According to an earlier report, maternally administered melatonin prevented ischemia/reperfusion-induced placental oxidative mitochondrial damage and IUGR [38]. Another study found that orally administered melatonin significantly improved placental efficiency and birth weight by upregulating placental antioxidant enzymes [39]. A recent report showed that antenatal melatonin administration significantly reduced fetoplacental oxidative stress and prevented IUGR-associated newborn neurodevelopmental deficits and brain injury [40]. The present study found that orally administered melatonin protected against LPS-induced NTDs through attenuating LPS-induced disturbance of folate transport from maternal circulation through the placenta into the fetus. However, the present study has several limitations. First, the present study only investigated the effects of a single dose melatonin on LPS-induced placental folate transport and fetal NTDs. Second, the present study only investigated the effects of pretreatment with melatonin on LPS-induced placental folate transport and fetal NTDs. Thus, additional work is required to determine a dose response curve to assess the effects of different doses melatonin on LPS-induced placental folate transport and fetal NTDs. In addition, the protective effects of melatonin against NTDs need to be demonstrated in different models of NTDs.

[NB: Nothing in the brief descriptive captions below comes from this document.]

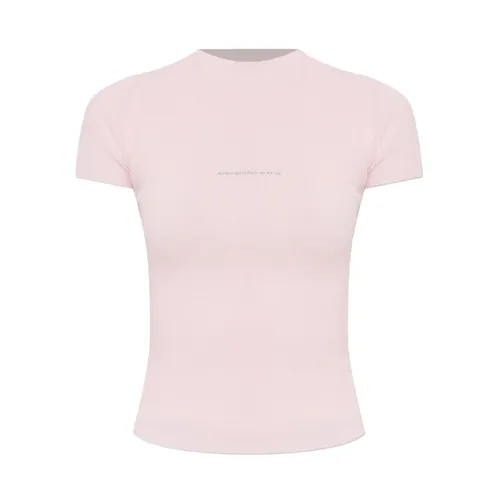Tops > T-Shirts - - Alexander Wang - Modalova
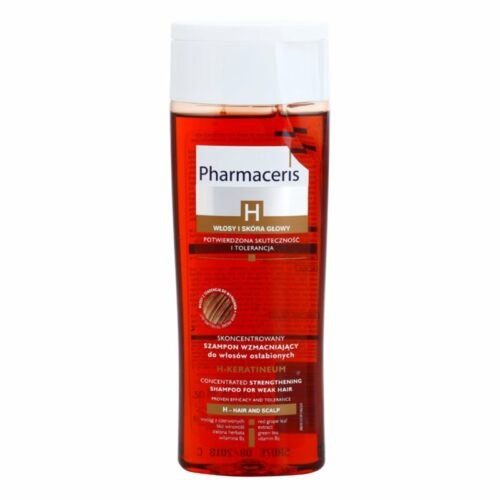 Pharmaceris H-Hair and Scalp H-Keratineum posilující šampon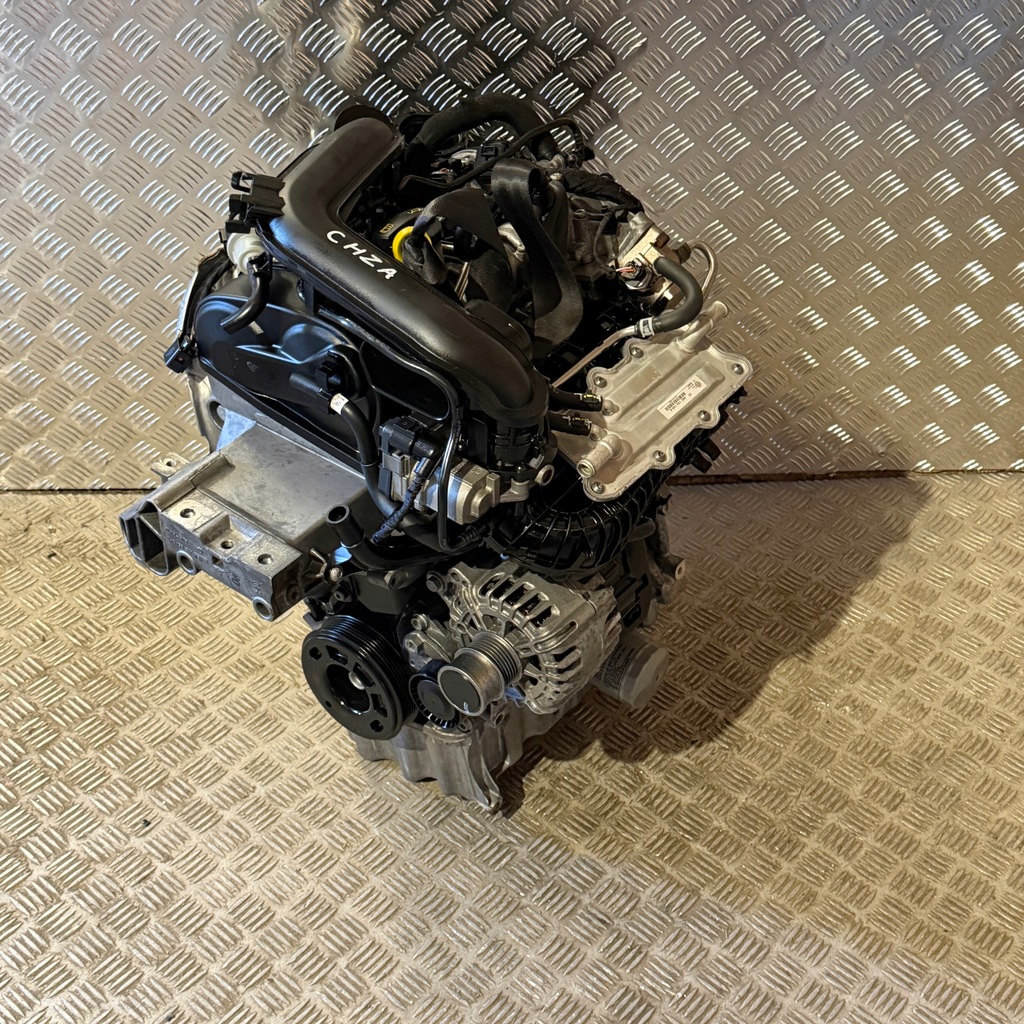 Moteur CHZA — vue 2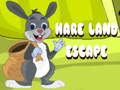 游戏Hare Land Escape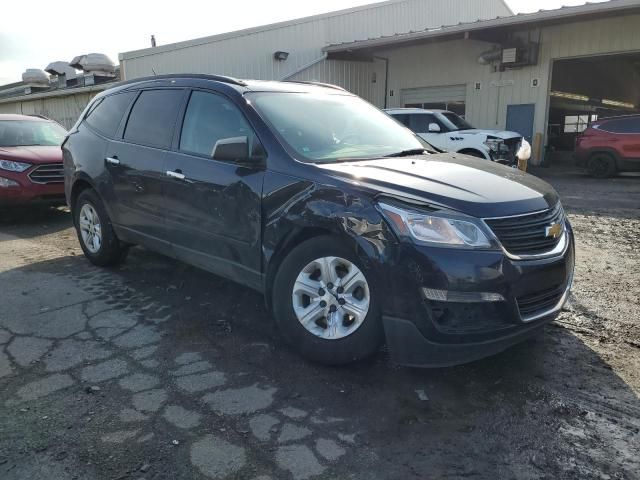 2015 Chevrolet Traverse LS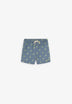 SCSKULL DELAVE SWIMSUIT KIDS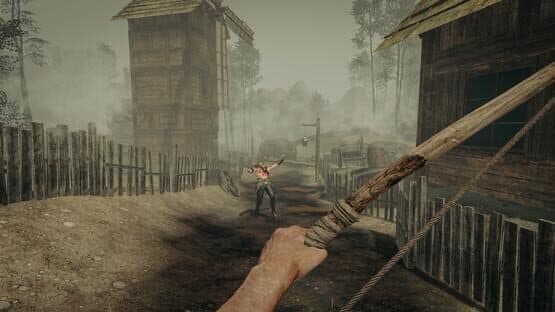 Vampires and Knights: Eclipse Survival & Magic Craft — screenshot 1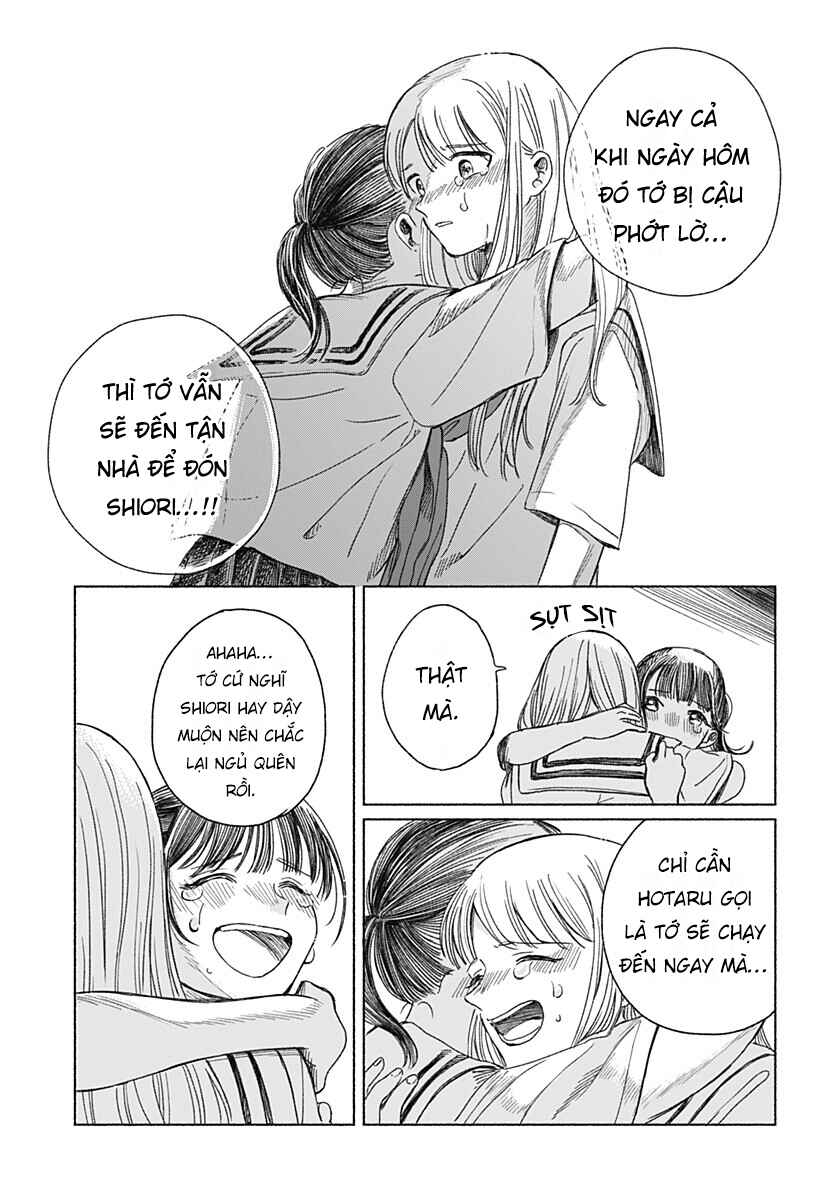 Utsusemi no Katakage Chapter ? - Page 47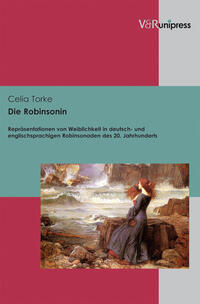 Vorderes Coverbild Die Robinsonin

In summary, the present study demonstrates for the first time that orally administered melatonin attenuates LPS-induced down-regulation of placental folate transporters. Correspondingly, orally administered melatonin alleviates LPS-induced disturbance of folate transport from maternal circulation into the fetus through its anti-inflammatory activity. Importantly, orally administered melatonin prevents LPS-induced NTDs. Thus, melatonin may have a potential preventive utility for protecting against inflammation-associated fetal NTDs.